The Great Cookie Puzzle

Cowboy Cookies

Victoria, of Victoria’s Fancy Foods, in Severna Park, MD told me she wanted to start up a cookie case for the holiday season; was I interested? I was. The question was when? I have about five spare minutes a day, and that’s being generous. But, if I saved them up over the course of a week, that’s enough for a batch of cookies, right? Peter, whom I’ve been robbing to pay Paul, will not be happy with my new time management arrangement. He’ll find it even less accommodating than my previous schedule. In fact, if he ever meets up with Paul for a drink they’re going to be super steamed when they realize I’m robbing them both blind. Hmpf. Best not to think about that. I turned my mind to cookies.

The criteria was tight. They had to be simple because they’re being made on-site in the store, which is not a bakery. It’s Health Board certified, of course, but not kitted out like a Cake Boss kitchen with deck ovens. Next, they have to either be drop cookies, or relatively fast to shape because with small-batch production my time is my biggest expense. They have to be chewy, because that’s the kind I like.

And, I wanted them to have something wholesome about them. Maybe even…no dairy no eggs? A.k.a., “vegan”? Vegan whaaaaaat??? What a challenge!

Well, why not? Vegan cookies are not that hard to make, it’s just a question of how easy or cost effective it is to find a quality vegan chocolate. Remember folks, I’m in Maryland, and while we have Whole Foods and Wegman’s here, I wouldn’t say buying vegan chocolate chips at specialty retail prices is the best way for a cottager such as myself to turn a profit. Most high percentage chocolate is practically vegan by nature, except that it may be processed on the same equipment with other lower percentage chocolates, like milk chocolate which keeps it, in the strictest sense, outside the definition. Ah, technicalities.

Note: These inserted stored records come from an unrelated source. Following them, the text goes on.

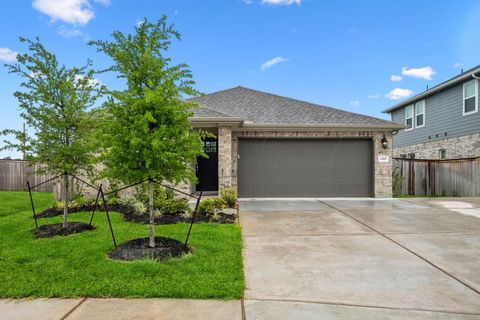 Photo of 12007 Rushing Ridge Drive, Baytown, TX 77523 (MLS # 35796112)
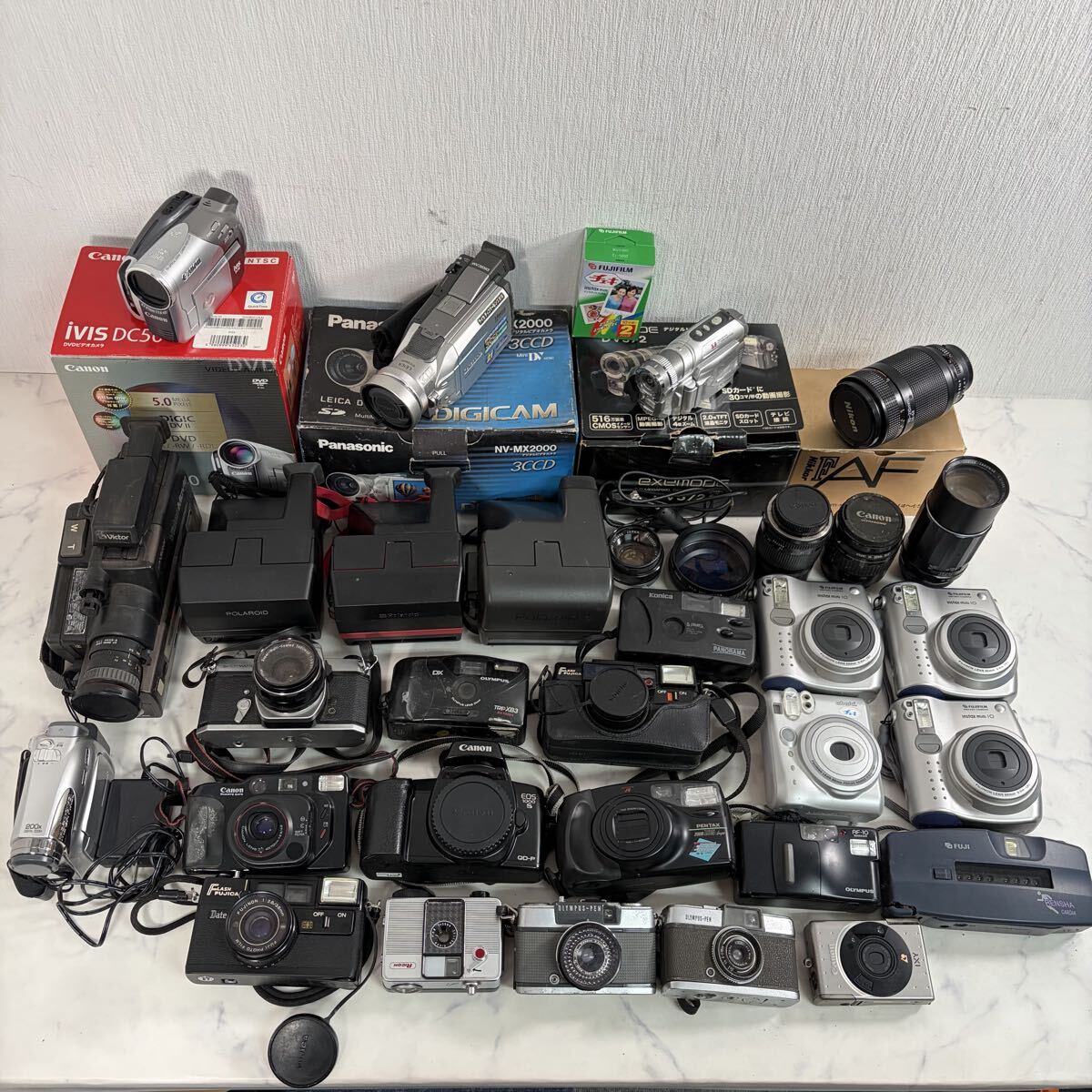1円〜 カメラまとめ 大量 Canon OLYMPUS Nikon FUJICA Victor FUJIFILM Polaroid Panasonic キャノン ニコン オリンパス 531iK17050拍卖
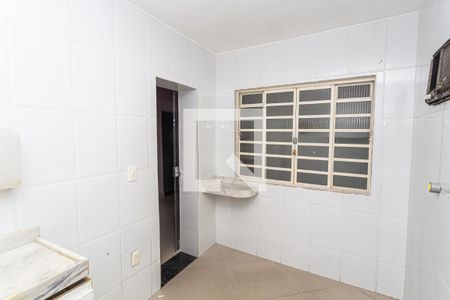 Casa à venda com 232m², 8 quartos e sem vagaCozinha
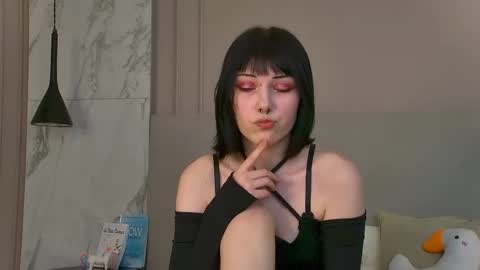 Snapshot of helencouls chatting on October 23, 2025, 6:06 pm Helen online show from October 23, 2025, 6:06 pm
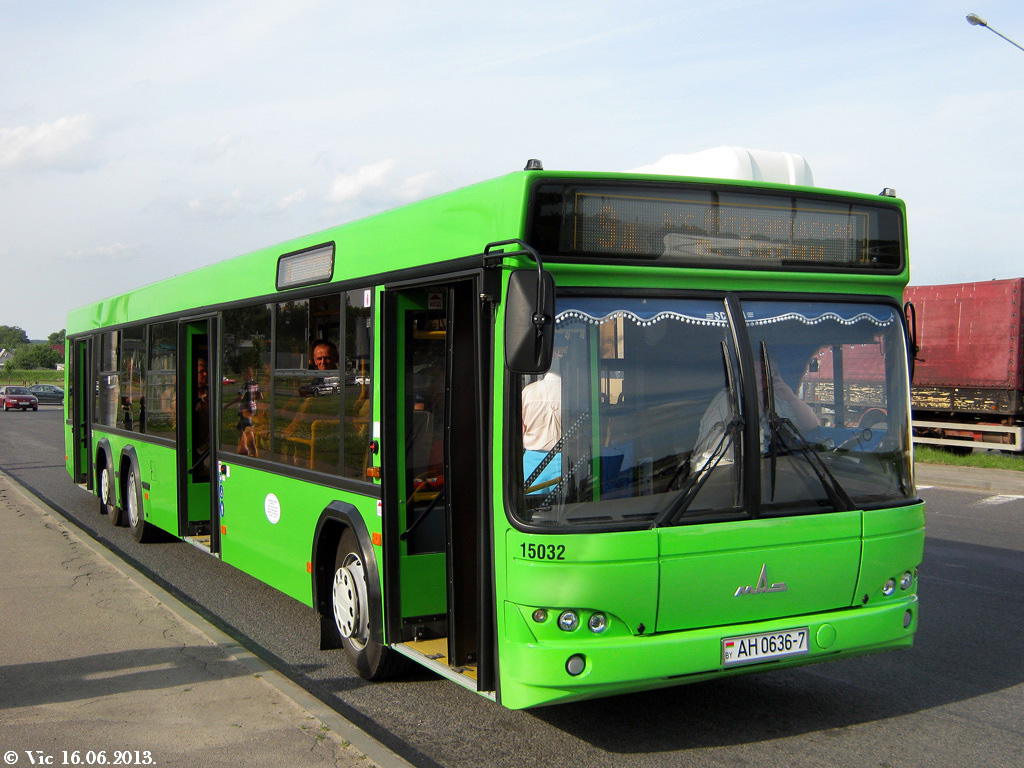Пригородные автобусы минск. МАЗ 107 Иркутск. Зеленый автобус. Пассажирский автобус. Автобус МАЗ.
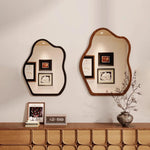 Miroir mural irrégulier avec cadre en bois ondulé, style moderne, conçu par Novah, reflet artistique et design élégant.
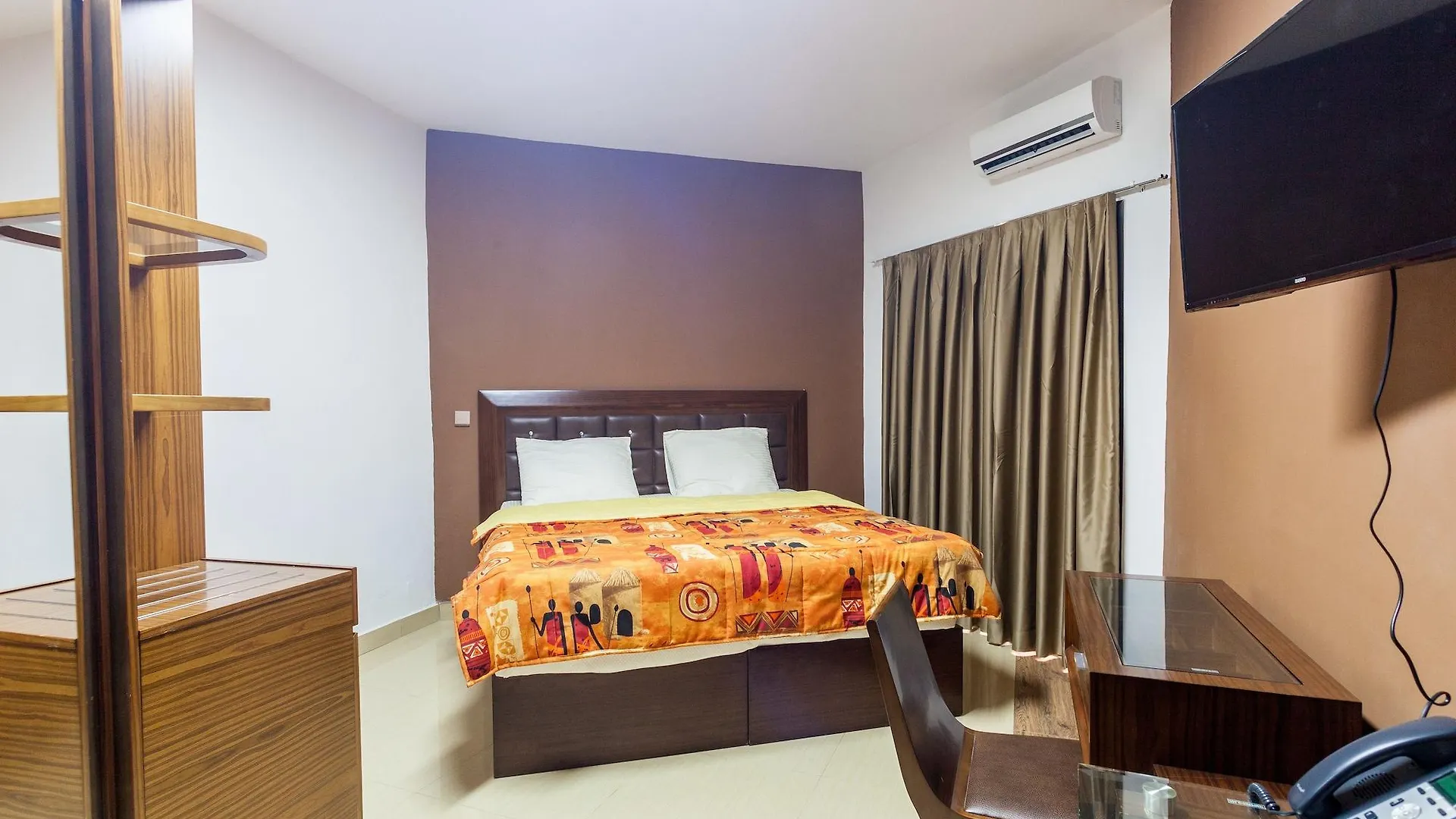 Wakola Hotel Cheikh Anta Dakar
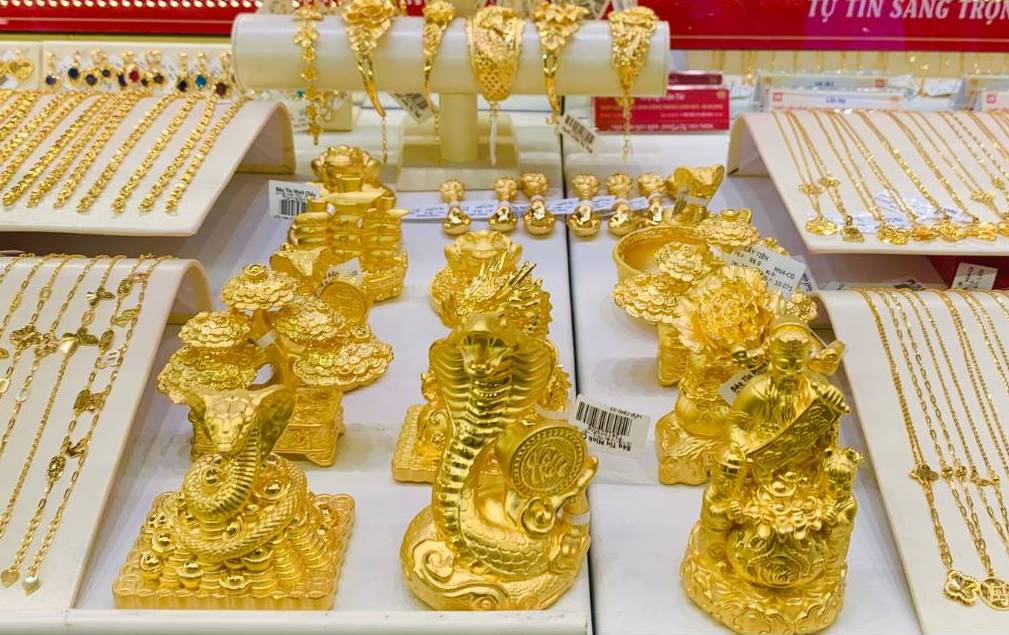 Gia vang giam nhe trong phien giao dich dau tuan khi dong USD vung gia. Anh: Phuong Anh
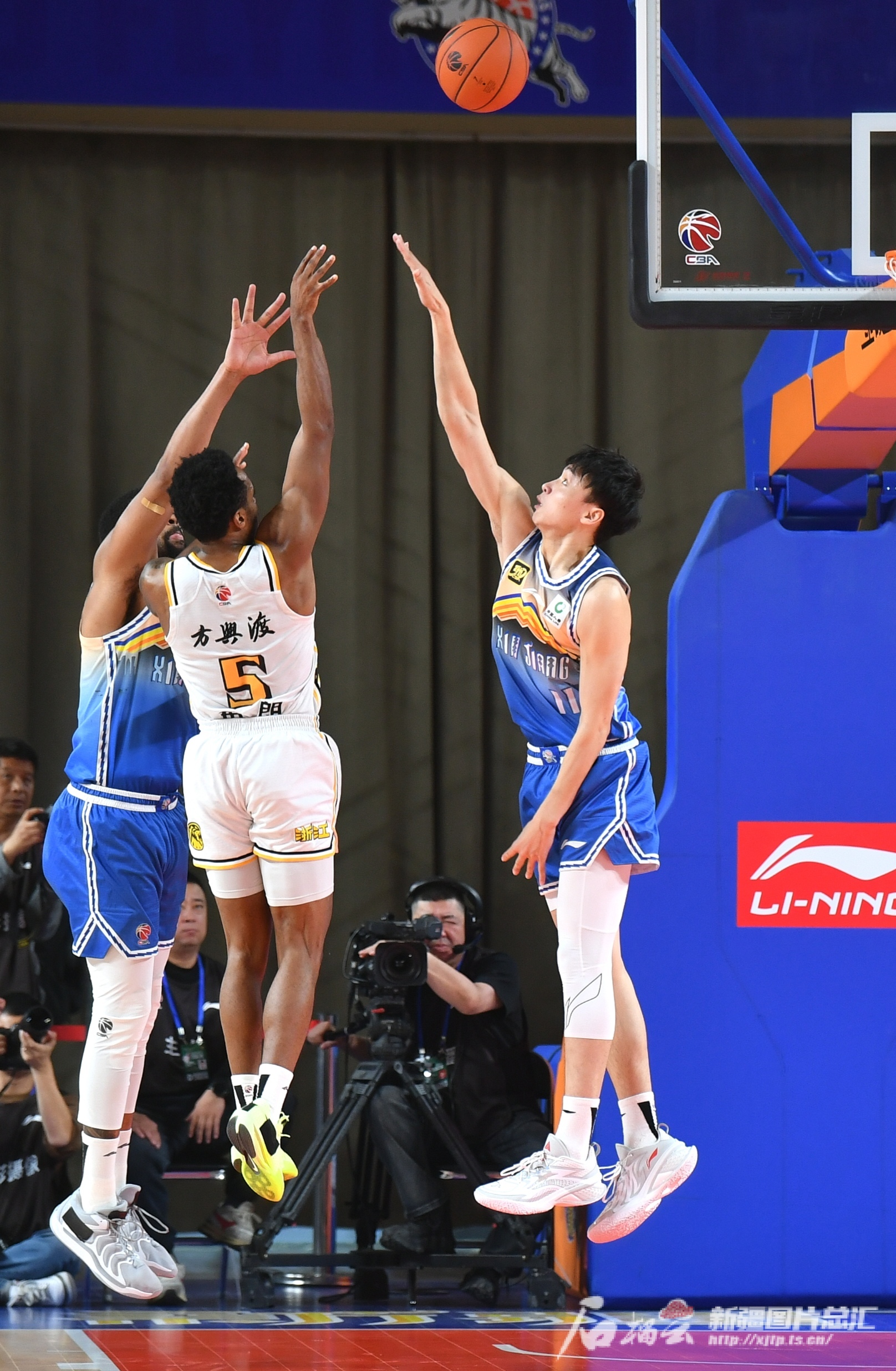 北京男篮遭遇新疆队逆转失利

So, I thought about it. Lots. And lots. I like a puzzle. Well, I don’t like actual puzzles — how maddening! So many tiny pieces! Who has time for that? Those kinds of puzzles stress me out. But this kind of puzzle I like.

Here’s how I worked it out:
1.) Flax is my friend.
2.) Pastry flour is oddly expensive & hard to find. Whole wheat pastry flour even more so.
3.) Applesauce cookies sound warm like Grandma but can go really wrong when you swap out three ingredients at a time (rookie move), so ditch ’em if you’re smart. But, I’m stubborn, so I will keep working on them until I get one I like. Which I did.

Apple Spice Cookies

This whole process reminded me of waaaaay back when when I (briefly) went to University of California, Santa Barbara and was knocking around that town for a bit. I found this cookie that I really dug — this was way back in’89 now, so keep that in mind — that I think might be influencing me to this day. I think it was called the “No” cookie, so I looked it up. And it is called the “No” cookie  (even then I wondered at that marketing strategy)– as in, no dairy, no eggs, no wheat, no refined sugar, and so on and so forth — and it’s made right in my hometown of Oakland, CA. How funny that I traveled 325 miles south on Hwy. 101 before I met them.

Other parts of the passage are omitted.